This is a rant, so bear with me.
First, let me start by saying I should have KNOWN better. I am a broadcast engineer and deal with high RF environments, complicated studio setups, ground loops, and ESPECIALLY grounding/shielding techniques. It is this last thing that I am getting sick of.
Bought my house in 03. Here is backwater TN, they are not as "technically" inclined as one would hope. My home didn't come with any networking, or cable runs other than the typical single cheap RG6 run and phone jack in all the rooms.
I spent a great deal of time and effort wiring up my home with multiple ethernet jacks in every room (except bathrooms and kitchen, LOL).

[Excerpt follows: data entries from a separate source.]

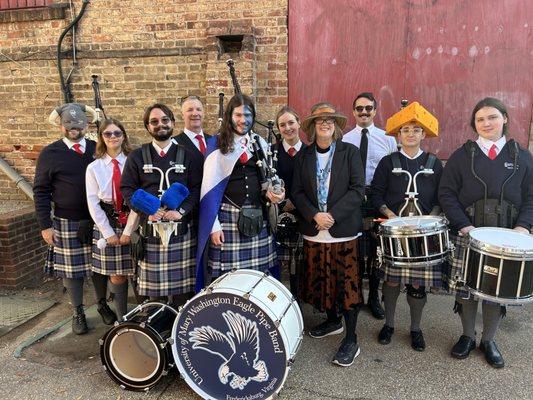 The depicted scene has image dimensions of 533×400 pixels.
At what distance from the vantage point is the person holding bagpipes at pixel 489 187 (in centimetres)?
303

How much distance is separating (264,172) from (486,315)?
206cm

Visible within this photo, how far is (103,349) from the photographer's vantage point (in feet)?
9.64

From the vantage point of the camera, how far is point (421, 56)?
14.4ft

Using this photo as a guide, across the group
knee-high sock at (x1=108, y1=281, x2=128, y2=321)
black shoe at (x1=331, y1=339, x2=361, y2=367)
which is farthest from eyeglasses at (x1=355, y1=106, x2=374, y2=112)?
knee-high sock at (x1=108, y1=281, x2=128, y2=321)

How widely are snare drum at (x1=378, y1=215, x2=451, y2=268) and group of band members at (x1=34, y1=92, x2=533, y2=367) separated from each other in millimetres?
287

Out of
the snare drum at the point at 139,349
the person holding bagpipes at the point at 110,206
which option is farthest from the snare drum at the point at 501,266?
the person holding bagpipes at the point at 110,206

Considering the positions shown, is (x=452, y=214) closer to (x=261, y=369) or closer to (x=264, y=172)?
(x=264, y=172)

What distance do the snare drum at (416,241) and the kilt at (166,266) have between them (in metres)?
1.48

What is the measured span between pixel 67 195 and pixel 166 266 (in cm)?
115

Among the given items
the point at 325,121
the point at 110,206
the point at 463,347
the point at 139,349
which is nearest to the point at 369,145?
the point at 325,121

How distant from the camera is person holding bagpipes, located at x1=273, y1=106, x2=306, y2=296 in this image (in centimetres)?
363

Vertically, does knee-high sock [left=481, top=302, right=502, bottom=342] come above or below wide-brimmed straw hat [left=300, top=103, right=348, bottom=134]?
below

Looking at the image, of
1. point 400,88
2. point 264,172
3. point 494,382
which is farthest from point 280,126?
point 494,382

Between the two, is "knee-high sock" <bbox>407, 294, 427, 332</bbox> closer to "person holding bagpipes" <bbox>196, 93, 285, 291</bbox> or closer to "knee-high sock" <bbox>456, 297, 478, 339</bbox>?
"knee-high sock" <bbox>456, 297, 478, 339</bbox> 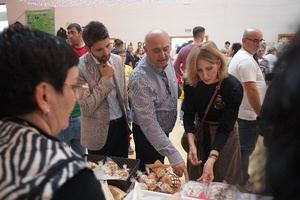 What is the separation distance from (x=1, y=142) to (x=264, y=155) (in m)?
0.56

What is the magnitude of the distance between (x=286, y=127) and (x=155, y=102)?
1526 mm

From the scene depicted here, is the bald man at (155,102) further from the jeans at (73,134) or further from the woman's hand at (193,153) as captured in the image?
the jeans at (73,134)

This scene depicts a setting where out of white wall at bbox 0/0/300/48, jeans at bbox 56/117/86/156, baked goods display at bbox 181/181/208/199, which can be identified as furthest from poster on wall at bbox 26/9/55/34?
baked goods display at bbox 181/181/208/199

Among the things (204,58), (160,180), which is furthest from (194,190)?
(204,58)

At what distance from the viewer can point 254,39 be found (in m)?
2.84

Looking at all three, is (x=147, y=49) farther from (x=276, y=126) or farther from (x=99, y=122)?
(x=276, y=126)

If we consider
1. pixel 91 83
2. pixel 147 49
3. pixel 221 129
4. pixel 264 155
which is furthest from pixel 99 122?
pixel 264 155

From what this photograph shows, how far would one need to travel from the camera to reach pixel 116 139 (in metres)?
2.10

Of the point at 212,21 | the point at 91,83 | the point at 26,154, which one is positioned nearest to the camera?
the point at 26,154

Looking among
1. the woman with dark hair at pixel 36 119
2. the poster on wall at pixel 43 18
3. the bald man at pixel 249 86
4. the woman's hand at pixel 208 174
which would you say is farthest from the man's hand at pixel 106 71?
the poster on wall at pixel 43 18

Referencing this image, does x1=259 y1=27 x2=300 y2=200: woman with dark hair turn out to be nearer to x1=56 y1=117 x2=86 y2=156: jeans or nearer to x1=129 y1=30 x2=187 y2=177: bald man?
x1=129 y1=30 x2=187 y2=177: bald man

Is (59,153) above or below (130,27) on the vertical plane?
above

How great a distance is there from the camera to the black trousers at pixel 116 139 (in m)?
2.07

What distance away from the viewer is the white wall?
9125mm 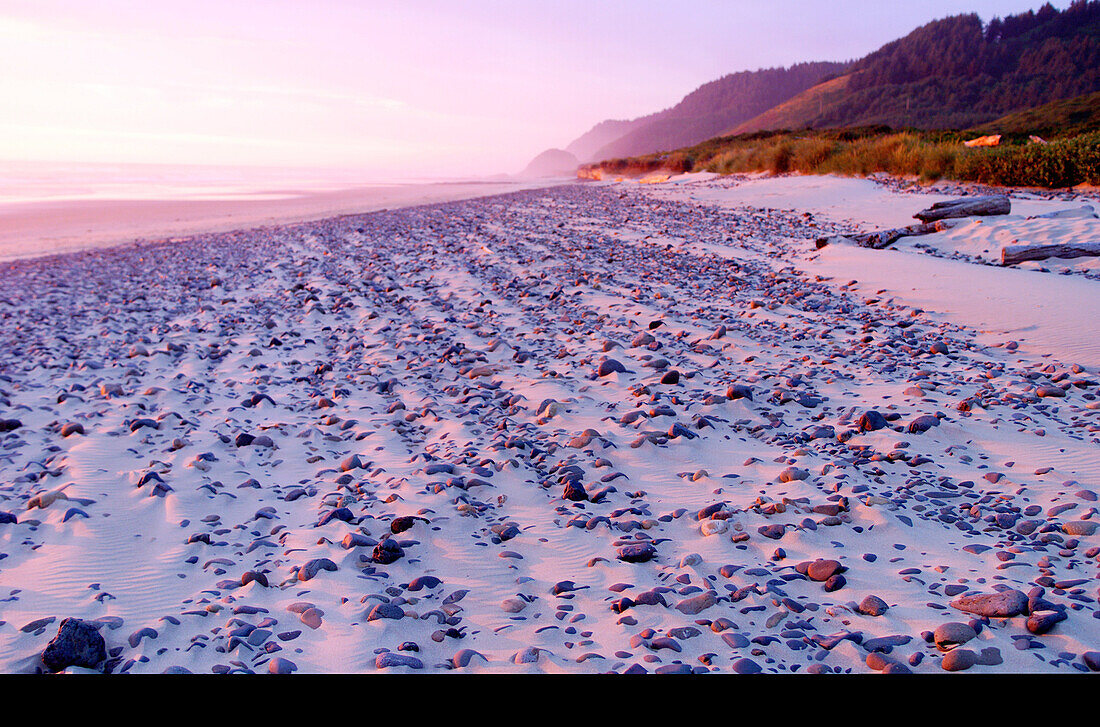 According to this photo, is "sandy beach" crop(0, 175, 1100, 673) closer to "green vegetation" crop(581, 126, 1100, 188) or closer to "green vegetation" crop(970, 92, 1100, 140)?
"green vegetation" crop(581, 126, 1100, 188)

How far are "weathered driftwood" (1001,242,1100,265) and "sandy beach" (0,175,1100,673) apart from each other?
8.6 inches

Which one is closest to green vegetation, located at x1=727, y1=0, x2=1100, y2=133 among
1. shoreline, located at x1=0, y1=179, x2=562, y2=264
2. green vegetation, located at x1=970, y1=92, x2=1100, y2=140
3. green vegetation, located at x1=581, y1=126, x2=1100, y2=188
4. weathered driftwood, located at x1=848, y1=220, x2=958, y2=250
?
green vegetation, located at x1=970, y1=92, x2=1100, y2=140

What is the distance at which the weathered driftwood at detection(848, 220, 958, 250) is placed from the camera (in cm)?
965

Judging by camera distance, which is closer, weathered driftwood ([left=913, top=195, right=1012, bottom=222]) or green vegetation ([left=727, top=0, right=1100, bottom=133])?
weathered driftwood ([left=913, top=195, right=1012, bottom=222])

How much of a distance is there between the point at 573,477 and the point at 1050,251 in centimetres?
784

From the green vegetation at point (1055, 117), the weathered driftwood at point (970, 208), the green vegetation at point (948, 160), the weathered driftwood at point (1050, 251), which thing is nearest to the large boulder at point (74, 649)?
the weathered driftwood at point (1050, 251)

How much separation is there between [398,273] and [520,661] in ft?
27.5

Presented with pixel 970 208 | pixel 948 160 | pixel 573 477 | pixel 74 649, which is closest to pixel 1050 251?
pixel 970 208

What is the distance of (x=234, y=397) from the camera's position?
17.2 feet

The root of the problem is everytime we have a storm, something in my house gets blown up. To date I have lost:
2 satellite receivers
3 PCs (network cards blown to hell)
2 network switches (same switch popped twice)
and a Xbox twice.
Fortunately, my living room "HT" setup has not suffered any damage (knock on wood) as there are some pretty long runs in wall between the equipment rack and TV, but nowhere near as long as my CAT5e runs.
Yes, i have surge supressors in all rooms with all gear. Nothing fancy, just the "monster" brand MOV variety. However, in my experience, surge suppressors don't ELIMINATE the possibilities of lighting damage, they just REDUCE the likelyhood of damage with strikes.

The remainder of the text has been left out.